If my employers had stuck to the letter of the law, I may not have had those opportunities. By the way, the bike shop job was a pure black market job, to my last “No” point.
I should note, my ’employers’ in my paper-throwing job were my delivery customers. Judging how hard it was to collect $2 a month from them, they didn’t place much value on getting that paper twice a week.
I should also note, the biggest reason I gave it up was scheduling, not pay. I disliked waking up at 5 AM on Saturday to fold and deliver papers. I’ve never been a morning person.
I soon discovered that I could make well more than minimum wage and — more importantly at the time — could set my work schedule, by pushing a mower. I also learned some good sales techniques as I developed my customer base.
It turns out that the thing many homeowners dislike even more than paying their paperboy is mowing their lawns, which is why the very same people (employers) who had such a difficult time coughing up a quarter per paper were more than happy to pay me $80 a month to save them from lawn-mowing dread.
It’s easy for us to advocate the minimum wage when it applies to faceless people. But, so rarely do folks examine their own behavior and try to draw parallels.
We all value things a differently. Think of some of the things that you willingly pay for now. Do you pay someone to mow your lawn, clean your house, babysit, kennel your dogs when you’re on vacation, make coffee for you or coach your kids in soccer?
What if someone else came along and judged that you have been paying too little for these services, that you have been exploiting these powerless folks and you must now pay them 20% to 50% more for the same service?

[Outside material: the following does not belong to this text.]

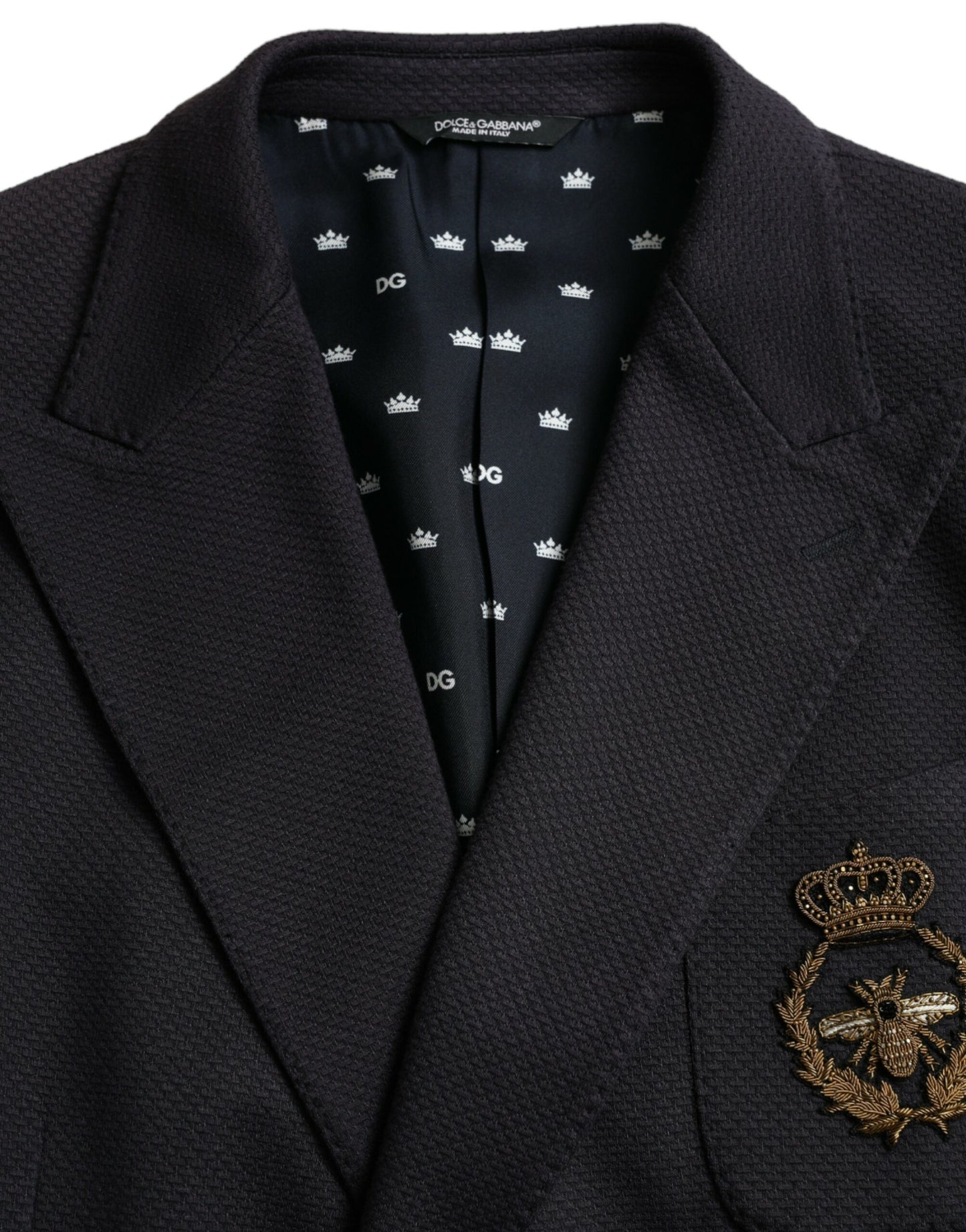  - Dark Blue Crown Bee Double Breasted Blazer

You and your service providers would probably tell them to butt-out and mind their own business because you both are perfectly fine with your existing relationship. If you’re forced to pay more, you too may cut back.
When you advocate a minimum wage, you’re butting into to the business of others’. In my opinion, that’s the strongest argument against the minimum wage, because if we feel we have the right to butt into this voluntary arrangement between two people, then there is likely no end to what other meddling we’ll entitle ourselves to.